Brücke ins Nirgendwo

Allerdings wurde in der Kongressanhörung auch ein zentrales Argument der Erdgasanbieter widerlegt. Diese verweisen gerne darauf, dass Gas bei der Verbrennung eine erheblich bessere CO2-Bilanz aufweise als etwa Erdöl oder gar Kohle. Dies gilt jedoch allenfalls für konventionell gefördertes Erdgas, das über Pipelines transportiert wird. Fracking hingegen setzt unkontrolliert große Mengen an klimaschädlichen Gasen frei, allen voran Methan. Die Klimabelastung durch Frackinggas liegt daher um ein Vielfaches höher als die Belastung durch traditionelle Brennstoffe wie Kohle und Erdöl.[9]

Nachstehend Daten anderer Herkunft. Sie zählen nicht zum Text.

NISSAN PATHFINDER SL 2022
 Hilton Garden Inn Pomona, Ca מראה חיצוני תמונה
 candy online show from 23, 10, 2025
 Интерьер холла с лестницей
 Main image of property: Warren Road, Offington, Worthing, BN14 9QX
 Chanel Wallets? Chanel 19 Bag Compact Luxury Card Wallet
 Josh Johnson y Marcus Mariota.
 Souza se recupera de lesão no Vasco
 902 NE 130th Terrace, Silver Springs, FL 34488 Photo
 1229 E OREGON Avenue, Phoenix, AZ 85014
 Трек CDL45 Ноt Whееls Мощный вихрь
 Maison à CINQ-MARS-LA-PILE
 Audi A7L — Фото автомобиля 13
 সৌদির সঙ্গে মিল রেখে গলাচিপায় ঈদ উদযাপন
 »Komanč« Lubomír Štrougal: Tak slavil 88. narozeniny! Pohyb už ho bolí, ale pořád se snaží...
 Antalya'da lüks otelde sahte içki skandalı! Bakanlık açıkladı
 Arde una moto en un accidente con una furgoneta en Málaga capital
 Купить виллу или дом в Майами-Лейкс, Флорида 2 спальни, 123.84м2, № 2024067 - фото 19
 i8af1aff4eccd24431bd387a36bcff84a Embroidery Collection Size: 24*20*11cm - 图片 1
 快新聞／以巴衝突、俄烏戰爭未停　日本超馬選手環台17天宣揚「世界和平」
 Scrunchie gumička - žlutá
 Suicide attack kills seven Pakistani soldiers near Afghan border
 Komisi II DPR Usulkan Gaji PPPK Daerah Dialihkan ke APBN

Ebendies sollten die G7-Staatschefs im Dezember auf der Pariser UN-Klimakonferenz bedenken, wenn sie tatsächlich einen Durchbruch bei der globalen Klimapolitik anstreben. Sollten sie aber – flankiert durch die Freihandelsabkommen TTIP, CETA und TPP – Exportlockerungen für durch Fracking gefördertes Erdöl und Erdgas aus Nordamerika beschließen, käme dies einem herben klimapolitischen Rückschlag gleich. Denn bei Fracking handelt es sich, so der amerikanische Umweltbiologe Robert Howarth, um eine „Brückentechnologie ins Nirgendwo“.[10] Das ist jedoch das Gegenteil dessen, was eine Welt braucht, der das Wasser in Bälde bis zum Halse steht.

 


[1] Vgl. European Commission, EU Energy in Figures. Statistical Pocketbook, Brüssel 2014.

[2] Spencer Dale, British Petroleum, Statistical Review of World Energy, London 2015.

[3] Vgl. „Bloomberg BNA“, 6.5.2014.

[4] Vgl. „The Wall Street Journal“, 17.5.2015.

[5] Department of Energy, Long Term Applications Received by DOE/FE to Export Domestically Produced LNG from the Lower-48 States, 3.3.2015.

[6] DG Trade, TTIP: non papers on raw materials and energy, Brüssel, 20.9.2013.

[7] Charles Ebinger, Heather L. Greenley, Energy Security Initiative at Brookings: Changing Markets. Economic Opportunities from Lifting the U.S. Ban on Crude Oil Exports, September 2014.

[8] U.S. Energy Information Administration, U.S. gasoline prices move with Brent rather than WTI crude oil, 3.11.2014.

[9] U.S. Energy Information Administration: Emissions in Greenhouse Gases in The U.S., Mar. 31, 2011. In diesem Aspekt sind sich alle Untersuchungen einig, umstritten ist nur, um wie viel höher die Klimabelastung durch die Fracking-Förderung liegt.

[10] Robert W. Howart, A bridge to nowhere: methane emissions and the greenhouse gas footprint of natural gas, Department of Ecology & Evolutionary Biology, Cornell University, Ithaca 2014.